-- WHAT THIS TASK INVOLVES --
Copy, word for word, the lines of the listing below from the line with "Oh, and there" up to and including the line with "I hope you guys". Drop the pictures.

-- EXCERPTED DATA --
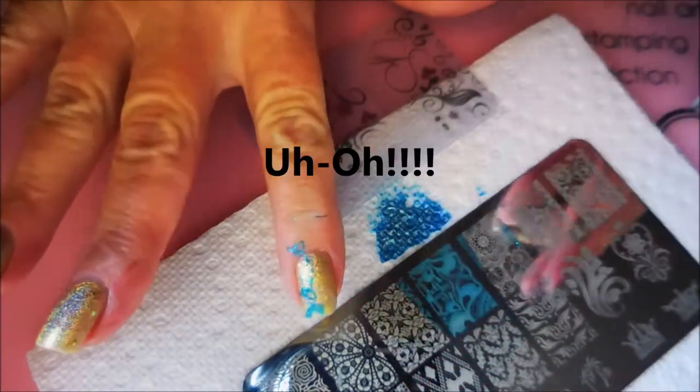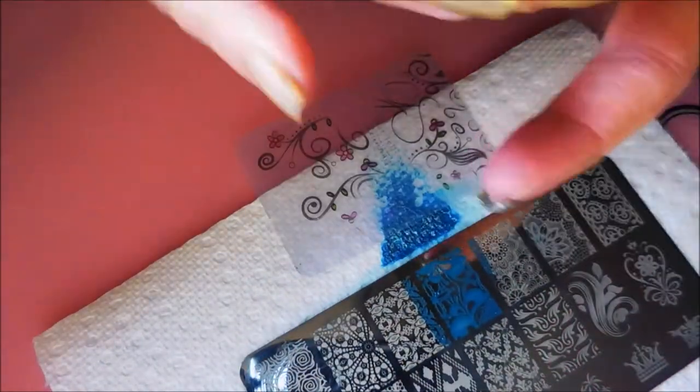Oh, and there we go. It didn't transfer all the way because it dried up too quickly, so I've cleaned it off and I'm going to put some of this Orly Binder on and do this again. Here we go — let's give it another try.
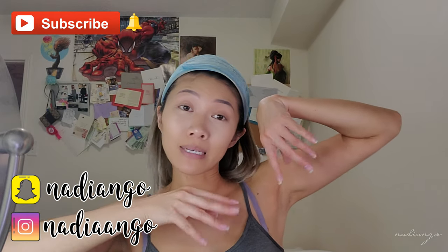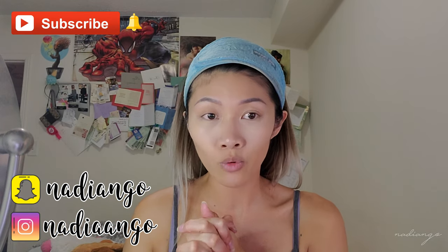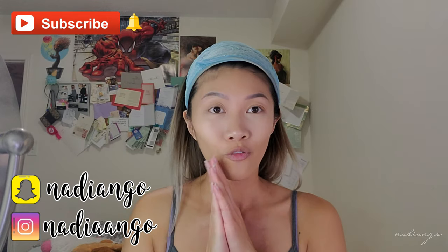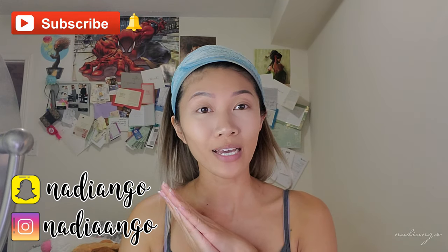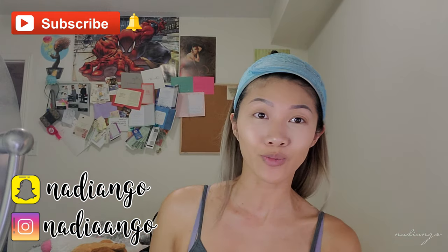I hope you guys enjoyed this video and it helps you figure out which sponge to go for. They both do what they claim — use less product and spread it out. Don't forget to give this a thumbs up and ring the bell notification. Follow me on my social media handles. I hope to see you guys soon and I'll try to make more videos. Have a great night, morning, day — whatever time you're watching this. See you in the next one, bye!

--

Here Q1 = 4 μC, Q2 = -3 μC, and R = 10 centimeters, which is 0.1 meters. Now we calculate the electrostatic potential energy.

-- ANSWER BELOW --
Oh, and there we go. It didn't transfer all the way because it dried up too quickly, so I've cleaned it off and I'm going to put some of this Orly Binder on and do this again. Here we go — let's give it another try.
I hope you guys enjoyed this video and it helps you figure out which sponge to go for. They both do what they claim — use less product and spread it out. Don't forget to give this a thumbs up and ring the bell notification. Follow me on my social media handles. I hope to see you guys soon and I'll try to make more videos. Have a great night, morning, day — whatever time you're watching this. See you in the next one, bye!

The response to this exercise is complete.